====== Dataset records ======

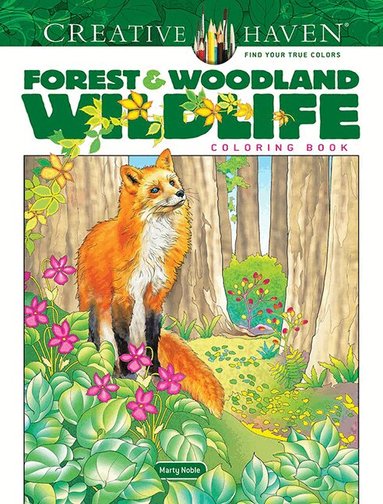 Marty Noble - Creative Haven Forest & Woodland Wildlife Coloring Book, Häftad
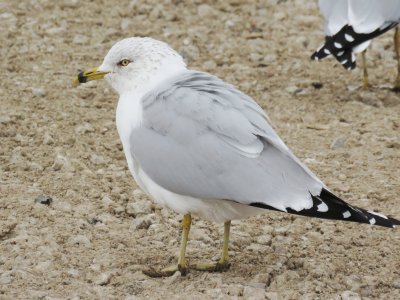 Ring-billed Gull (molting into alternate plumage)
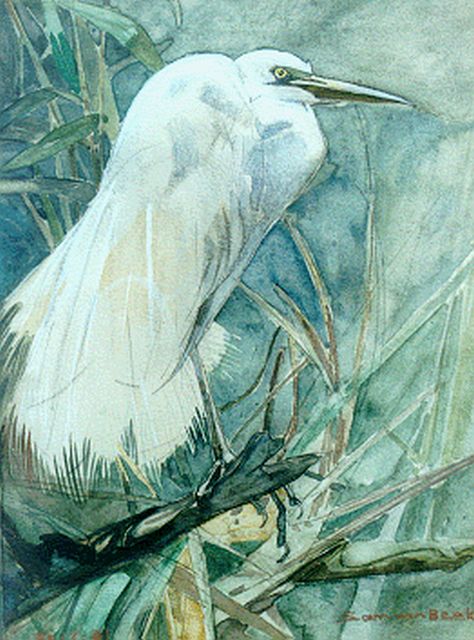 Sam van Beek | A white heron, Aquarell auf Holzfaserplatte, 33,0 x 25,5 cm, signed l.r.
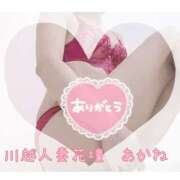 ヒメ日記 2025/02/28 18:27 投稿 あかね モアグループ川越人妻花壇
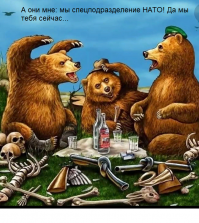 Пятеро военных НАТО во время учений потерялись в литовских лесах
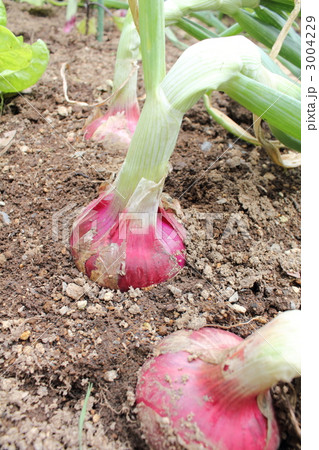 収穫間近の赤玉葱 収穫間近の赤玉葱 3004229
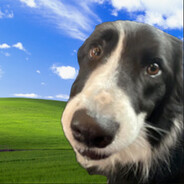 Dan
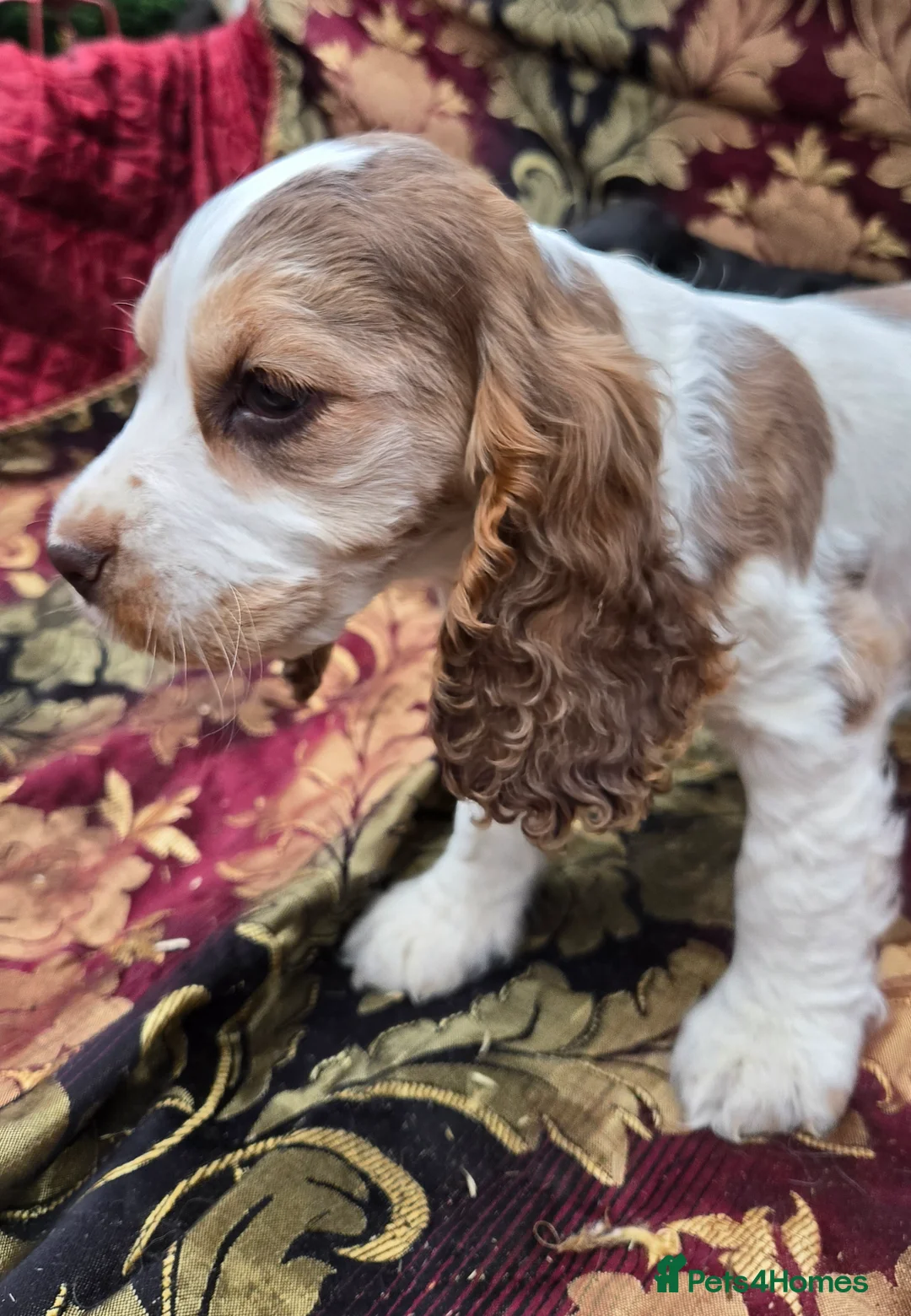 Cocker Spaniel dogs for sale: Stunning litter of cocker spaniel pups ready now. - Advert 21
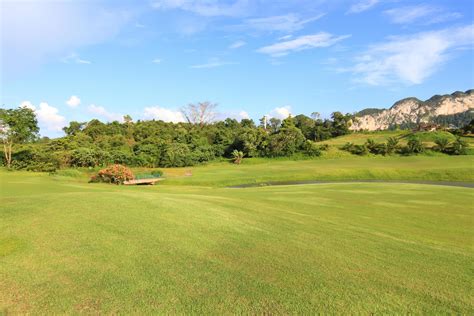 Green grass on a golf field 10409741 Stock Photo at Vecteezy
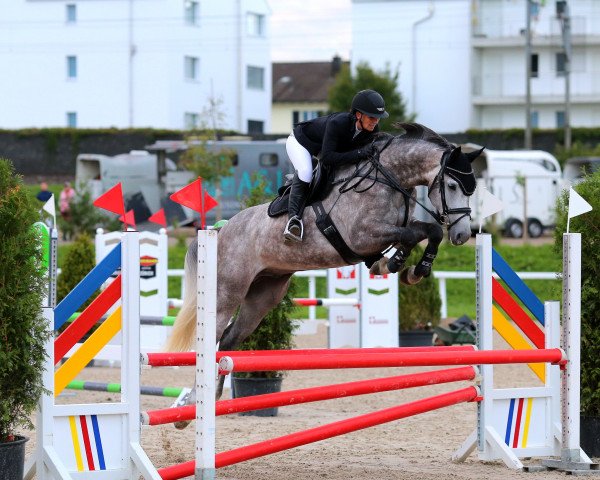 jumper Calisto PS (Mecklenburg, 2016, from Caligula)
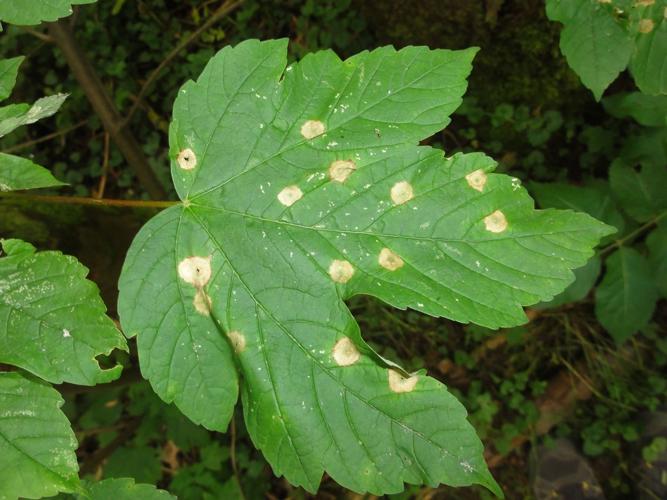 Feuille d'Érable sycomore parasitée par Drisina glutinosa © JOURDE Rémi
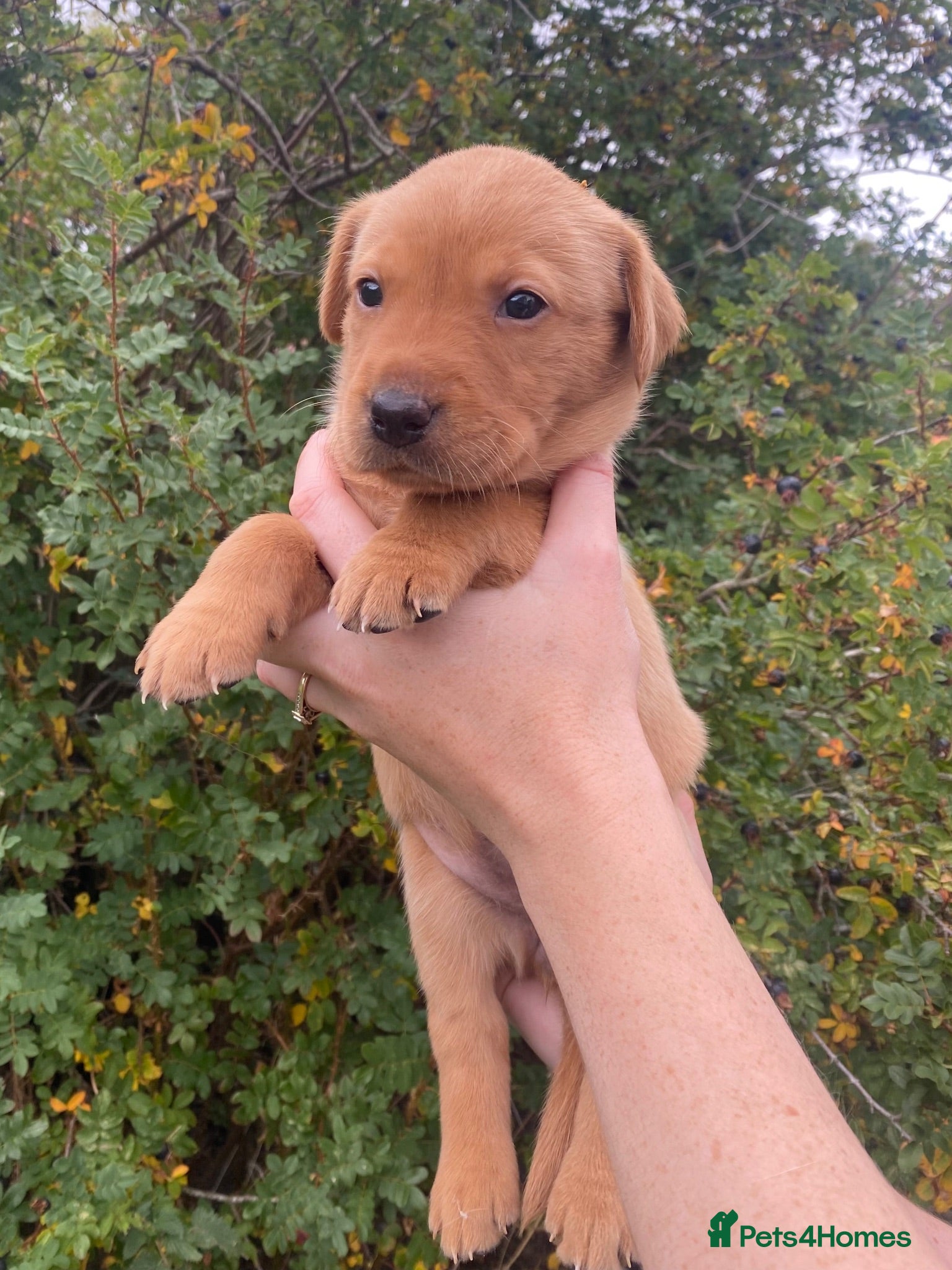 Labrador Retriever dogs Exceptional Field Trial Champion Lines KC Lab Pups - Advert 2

======

When you reach the line containing "Пятеро военных НАТО" in the entries above, please retype it and each line after it through the last one, exactly, without the pictures.

*Answer to the exercise*.
 Пятеро военных НАТО во время учений потерялись в литовских лесах
 収穫間近の赤玉葱 収穫間近の赤玉葱 3004229
 Dan
 Cocker Spaniel dogs for sale: Stunning litter of cocker spaniel pups ready now. - Advert 21
 Green grass on a golf field 10409741 Stock Photo at Vecteezy
 jumper Calisto PS (Mecklenburg, 2016, from Caligula)
 Feuille d'Érable sycomore parasitée par Drisina glutinosa © JOURDE Rémi
 Labrador Retriever dogs Exceptional Field Trial Champion Lines KC Lab Pups - Advert 2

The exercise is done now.